Confidence level (default 0.95 for 95% CI).

0.95

Returns:

Type Description
tuple[float, float]

Tuple of (lower_bound, upper_bound).

detect_outliers ¤

detect_outliers(samples: Sequence[float], threshold: float = OUTLIER_Z_THRESHOLD) -> list[int]

Modified Z-score outlier detection.

Uses median absolute deviation (MAD) instead of standard deviation for robustness against the outliers themselves.

Parameters:

Name Type Description Default
samples Sequence[float]

Sequence of values to check.

required
threshold float

Modified Z-score threshold (default 3.5).

OUTLIER_Z_THRESHOLD

Returns:

Type Description
list[int]

List of indices where outliers are detected.

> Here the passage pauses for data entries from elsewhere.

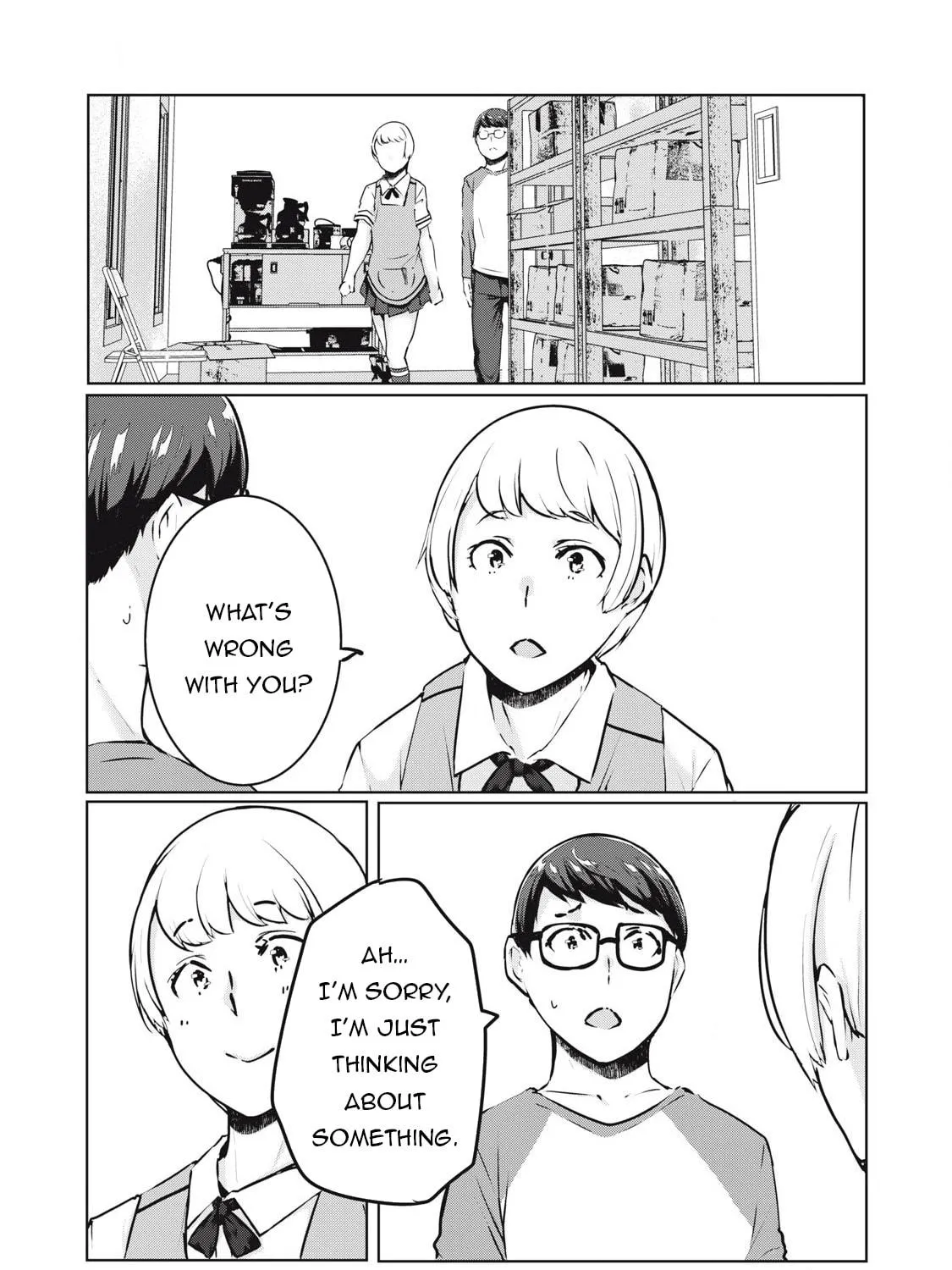 NTREVENGE Chapter 32 page 22 - 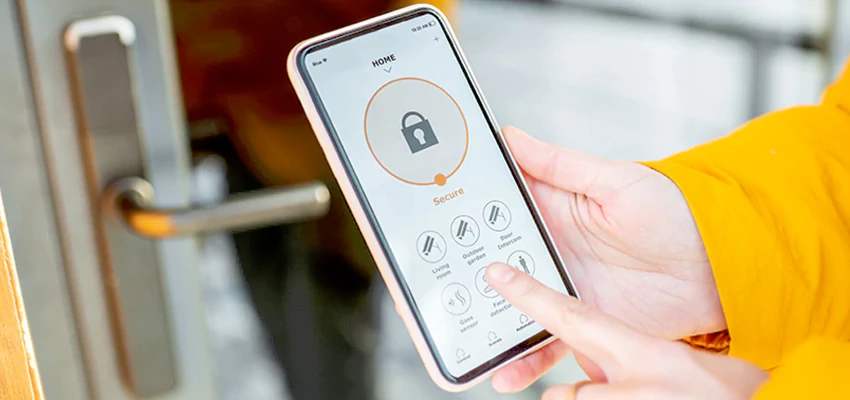 Digital Front Door Lock Repair And Installation in Lucerne Valley, California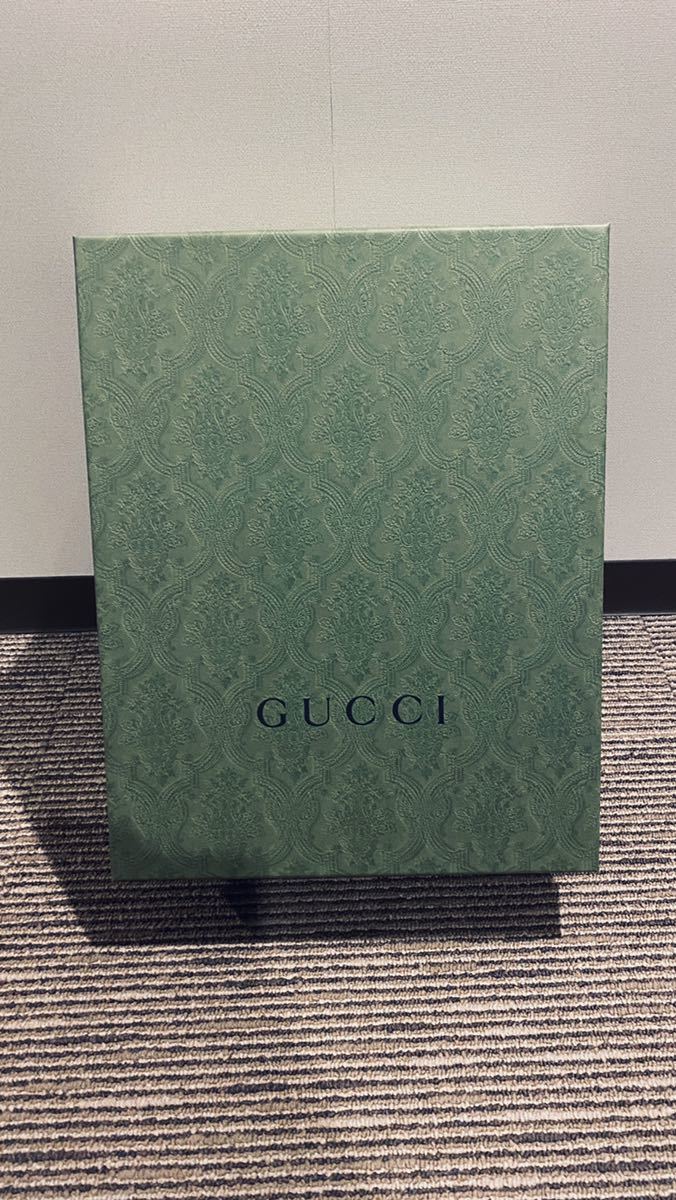 グッチGUCCI純正Box最新_画像1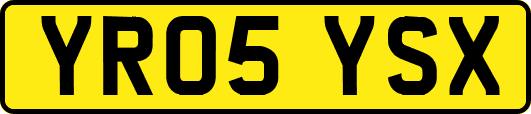 YR05YSX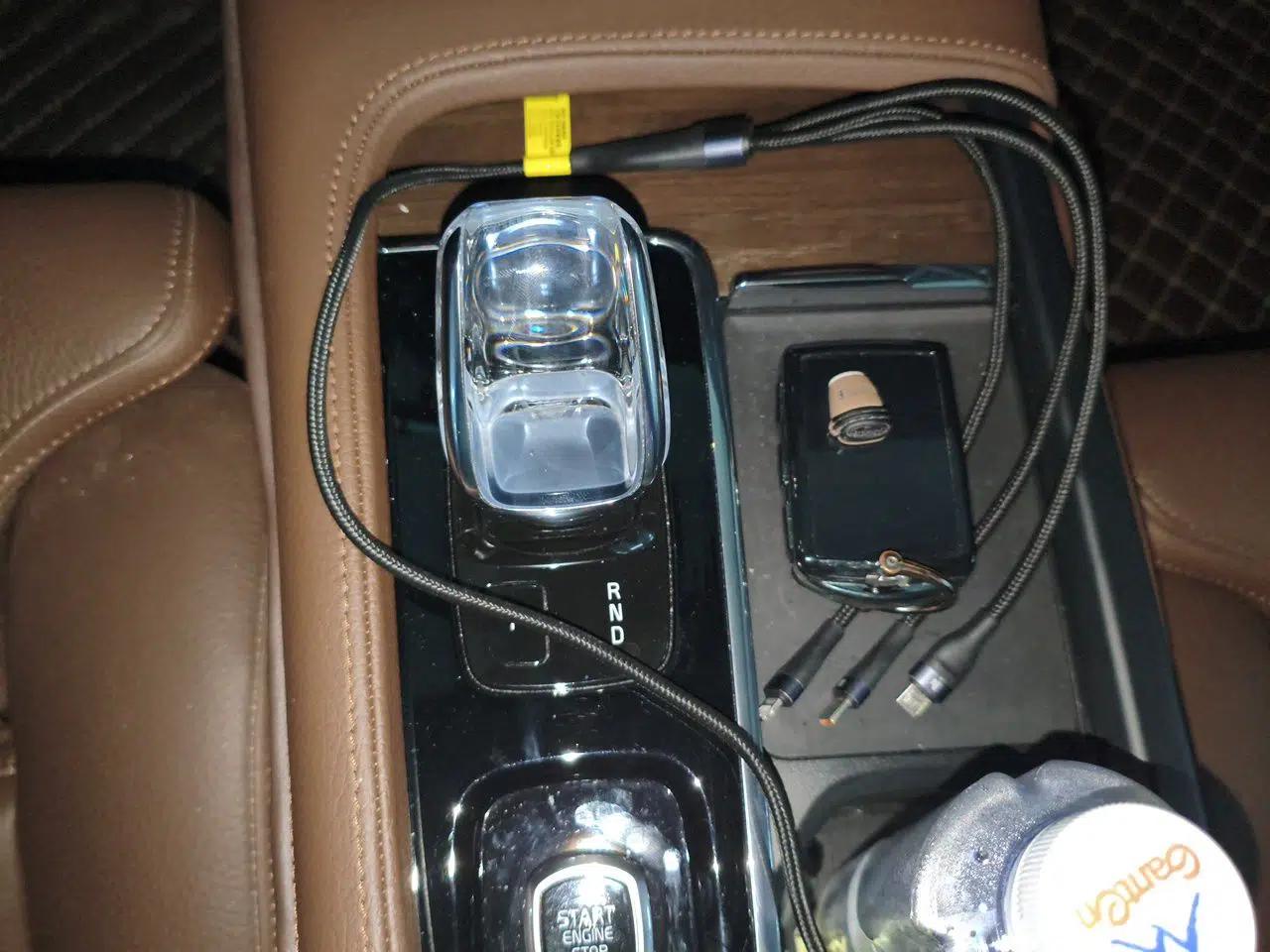 Volvo S90 2022 B5 Zhiyuan Luxury Edition — миниатюра 14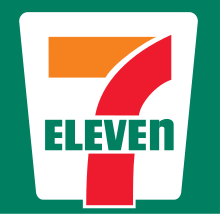 7-11 logo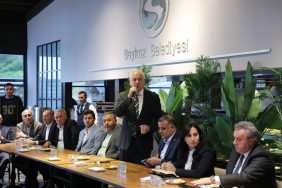 İSKİ Riva’da kanalizasyon ve koku sorununu çözüyor!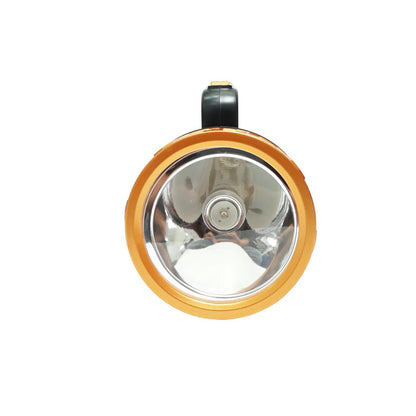 12 WATT + 5 WATT SMD / LUBY 2690 Senter LED Charge Kabel + Lampu Meja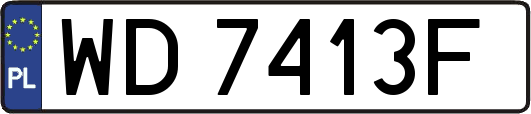 WD7413F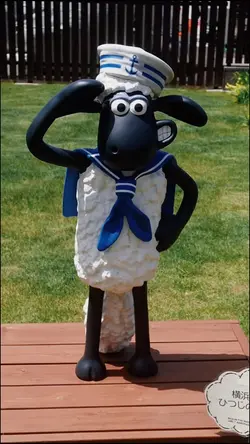 Shaun the sheep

StatisticalResult dataclass ¤

StatisticalResult(*, mean: float, median: float, std: float, min: float, max: float, cv: float, ci_lower: float, ci_upper: float, n: int, is_stable: bool)

Summary statistics with confidence intervals.

Attributes:

Name Type Description
mean float

Arithmetic mean.

median float

Median value.

std float

Sample standard deviation (ddof=1).

min float

Minimum value.

max float

Maximum value.

cv float

Coefficient of variation (std / mean).

ci_lower float

95% bootstrap CI lower bound.

ci_upper float

95% bootstrap CI upper bound.

n int

Number of samples.

is_stable bool

True when CV < STABILITY_CV_THRESHOLD.

mean instance-attribute ¤

mean: float

median instance-attribute ¤

median: float

std instance-attribute ¤

std: float

min instance-attribute ¤

min: float

max instance-attribute ¤

max: float

cv instance-attribute ¤

cv: float

ci_lower instance-attribute ¤

ci_lower: float

ci_upper instance-attribute ¤

ci_upper: float

n instance-attribute ¤

n: int

is_stable instance-attribute ¤

is_stable: bool

to_dict ¤

to_dict() -> dict[str, Any]

Serialize to a JSON-compatible dictionary.

from_dict classmethod ¤

from_dict(data: dict[str, Any]) -> StatisticalResult

Deserialize from a dictionary.

Parameters:

Name Type Description Default
data dict[str, Any]

Dictionary with statistical result fields.

required

Returns:

Type Description
StatisticalResult

Reconstructed StatisticalResult instance.

effect_size ¤

effect_size(a: Sequence[float], b: Sequence[float]) -> float

Cohen's d effect size for two independent samples.

Parameters:

Name Type Description Default
a Sequence[float]

First sample.

required
b Sequence[float]

Second sample.

required

Returns:

Type Description
float

Absolute Cohen's d value. Returns 0.0 if pooled std is zero.

mann_whitney_u ¤

mann_whitney_u(a: Sequence[float], b: Sequence[float]) -> tuple[float, float]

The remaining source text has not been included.